In the data below, find the line containing "Journee Womens Vidoree" and the line containing "1977 Sears Fall Winter Catalog, Page 579", then reproduce them and every line between, exactly. Omit pictures.

▶ [MATERIAL PROVIDED]:
------------------------
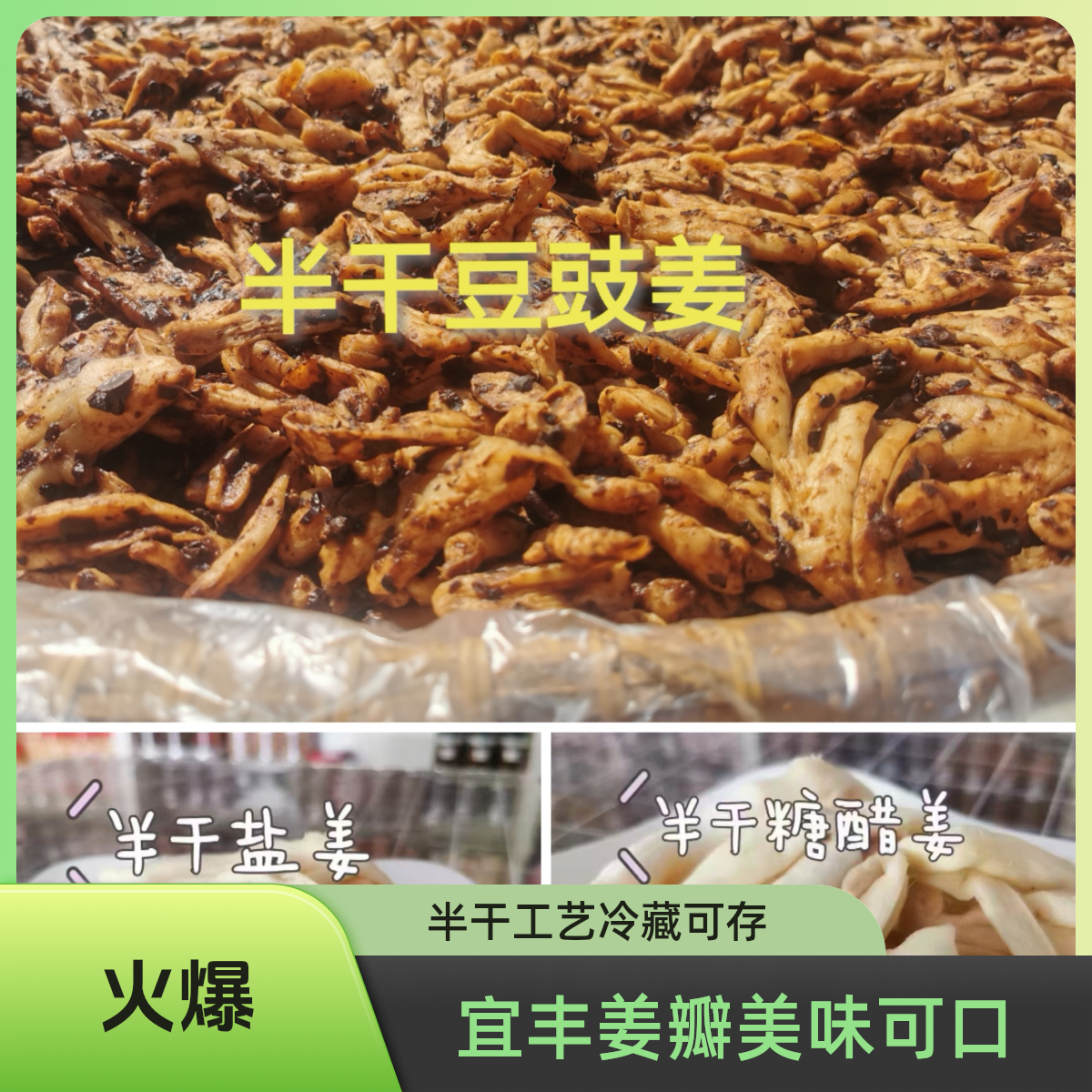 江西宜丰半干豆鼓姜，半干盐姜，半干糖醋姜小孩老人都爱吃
------------------------
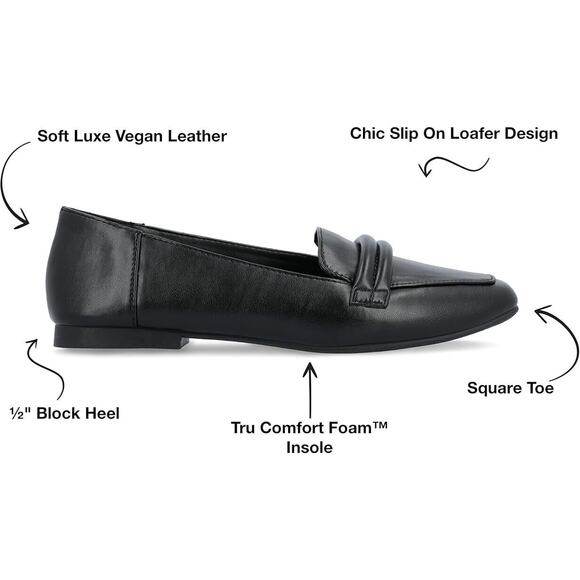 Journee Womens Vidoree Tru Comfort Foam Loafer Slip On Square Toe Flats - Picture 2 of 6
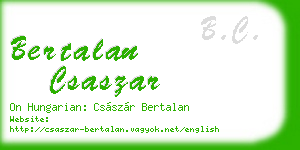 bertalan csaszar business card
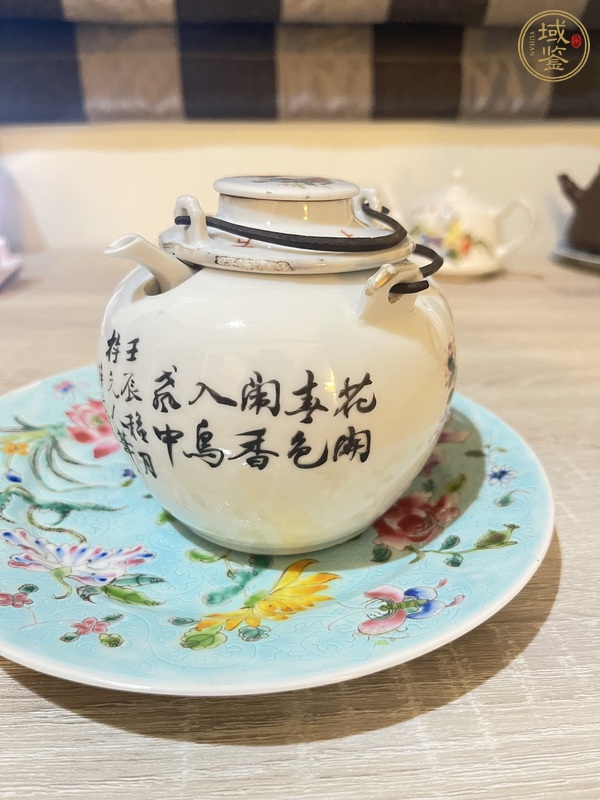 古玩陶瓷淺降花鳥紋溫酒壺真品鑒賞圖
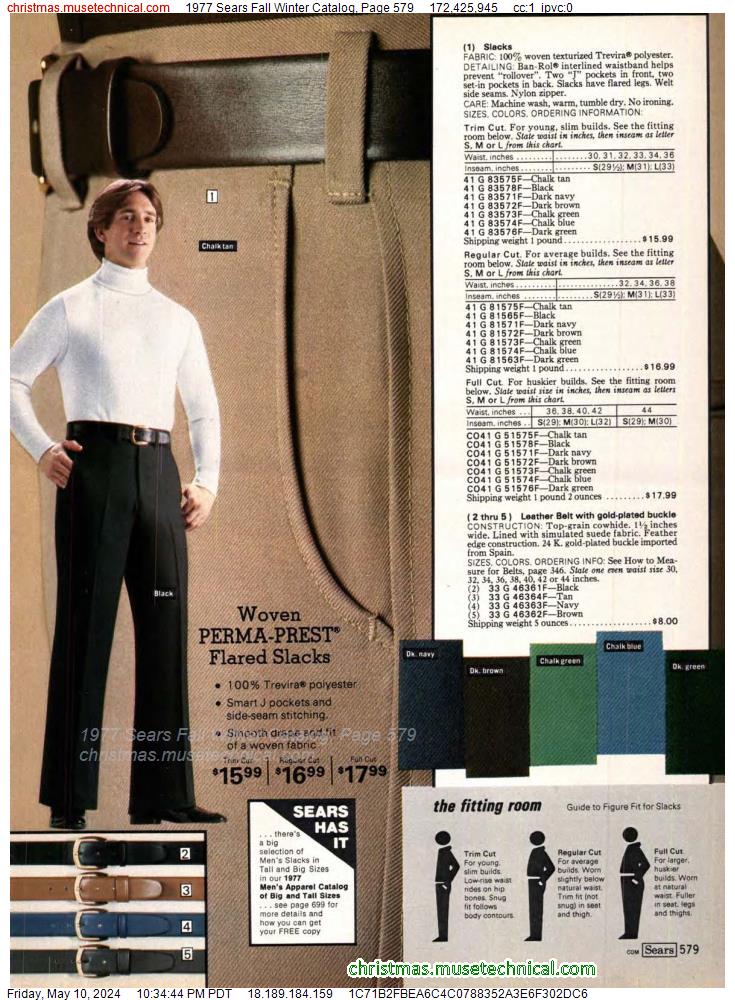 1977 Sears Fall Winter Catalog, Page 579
------------------------
▶ [EXERCISE RESPONSE]:
 Journee Womens Vidoree Tru Comfort Foam Loafer Slip On Square Toe Flats - Picture 2 of 6
 bertalan csaszar business card
 古玩陶瓷淺降花鳥紋溫酒壺真品鑒賞圖
 1977 Sears Fall Winter Catalog, Page 579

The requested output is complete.